EXERCISE OBJECTIVE: Please transcribe the listing that follows exactly; images are to be excluded.

SUPPLIED MATERIAL:

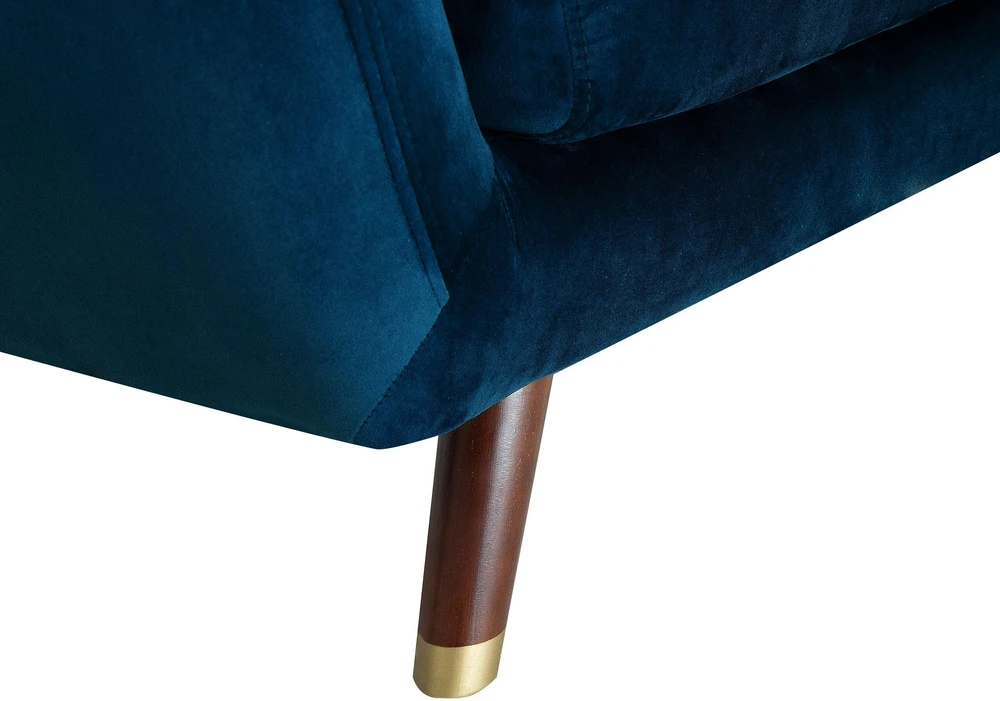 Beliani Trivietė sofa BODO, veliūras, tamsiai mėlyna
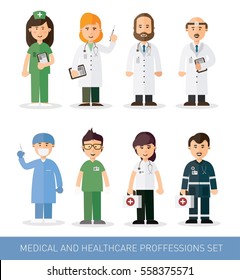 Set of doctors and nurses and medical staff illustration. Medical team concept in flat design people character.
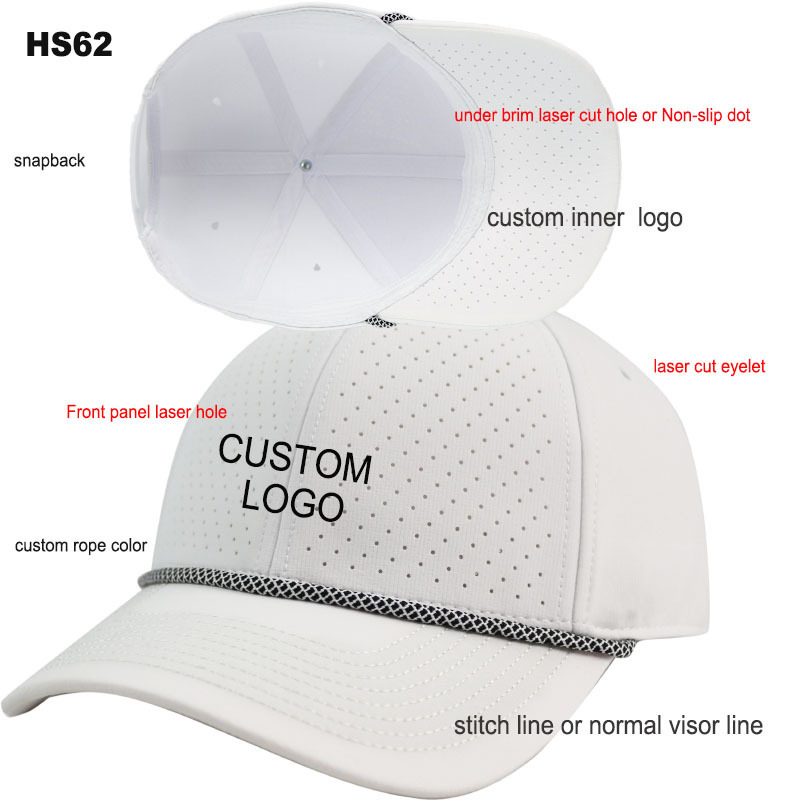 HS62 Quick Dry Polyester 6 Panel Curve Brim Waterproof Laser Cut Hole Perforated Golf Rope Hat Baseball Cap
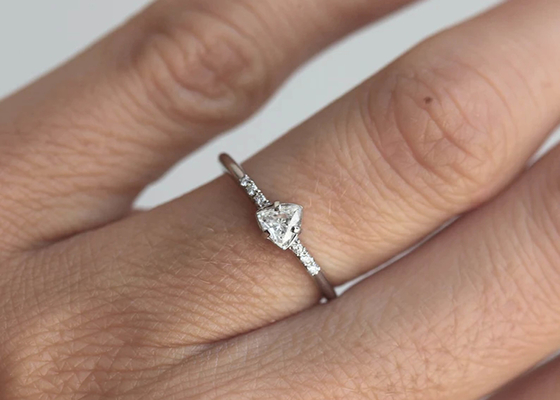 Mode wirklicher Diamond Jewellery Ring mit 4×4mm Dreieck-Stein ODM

RESULT:
 Beliani Trivietė sofa BODO, veliūras, tamsiai mėlyna
 Set of doctors and nurses and medical staff illustration. Medical team concept in flat design people character.
 HS62 Quick Dry Polyester 6 Panel Curve Brim Waterproof Laser Cut Hole Perforated Golf Rope Hat Baseball Cap
 Mode wirklicher Diamond Jewellery Ring mit 4×4mm Dreieck-Stein ODM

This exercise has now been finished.